Search code examples
pythongzippython-2.xbzip2

How do the compression codecs work in Python?


I'm querying a database and archiving the results using Python, and I'm trying to compress the data as I write it to the log files. I'm having some problems with it, though.

My code looks like this:

log_file = codecs.open(archive_file, 'w', 'bz2')
for id, f1, f2, f3 in cursor:
    log_file.write('%s %s %s %s\n' % (id, f1 or 'NULL', f2 or 'NULL', f3))

However, my output file has a size of 1,409,780. Running bunzip2 on the file results in a file with a size of 943,634, and running bzip2 on that results in a size of 217,275. In other words, the uncompressed file is significantly smaller than the file compressed using Python's bzip codec. Is there a way to fix this, other than running bzip2 on the command line?

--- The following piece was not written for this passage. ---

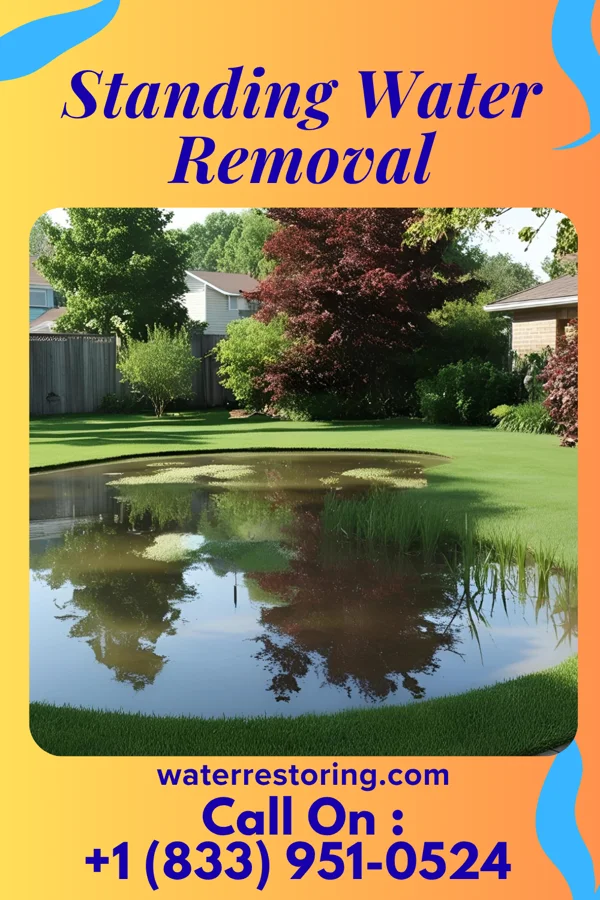 Standing Water Removal in Lynn, IN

I tried Python's gzip codec (changing the line to codecs.open(archive_file, 'a+', 'zip')) to see if it fixed the problem. I still get large files, but I also get a gzip: archive_file: not in gzip format error when I try to uncompress the file. What's going on there?

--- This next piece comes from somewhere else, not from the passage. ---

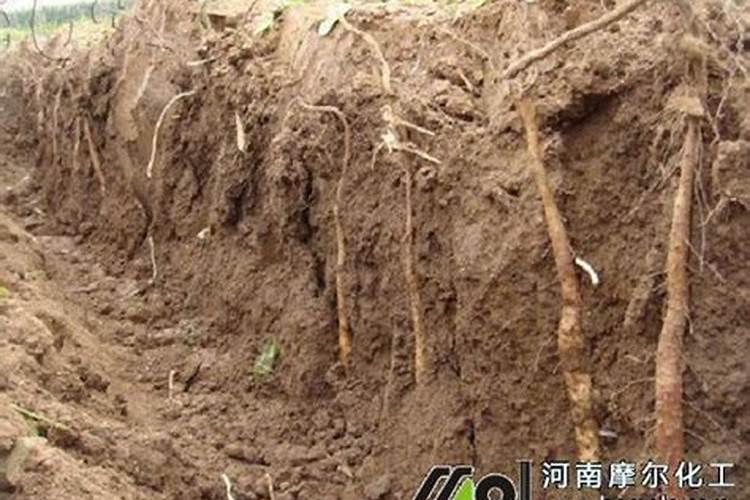 柑橘几月份施钾肥好 最佳使用时间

EDIT: I originally had the file opened in append mode, not write mode. While this may or may not be a problem, the question still holds if the file's opened in 'w' mode.


Solution

  • As other posters have noted, the issue is that the codecs library doesn't use an incremental encoder to encode the data; instead it encodes every snippet of data fed to the write method as a compressed block. This is horribly inefficient, and just a terrible design decision for a library designed to work with streams.

    The ironic thing is that there's a perfectly reasonable incremental bz2 encoder already built into Python. It's not difficult to create a "file-like" class which does the correct thing automatically.

    import bz2
    
    class BZ2StreamEncoder(object):
        def __init__(self, filename, mode):
            self.log_file = open(filename, mode)
            self.encoder = bz2.BZ2Compressor()
    
        def write(self, data):
            self.log_file.write(self.encoder.compress(data))
    
        def flush(self):
            self.log_file.write(self.encoder.flush())
            self.log_file.flush()
    
        def close(self):
            self.flush()
            self.log_file.close()
    
    log_file = BZ2StreamEncoder(archive_file, 'ab')
    

    A caveat: In this example, I've opened the file in append mode; appending multiple compressed streams to a single file works perfectly well with bunzip2, but Python itself can't handle it (although there is a patch for it). If you need to read the compressed files you create back into Python, stick to a single stream per file.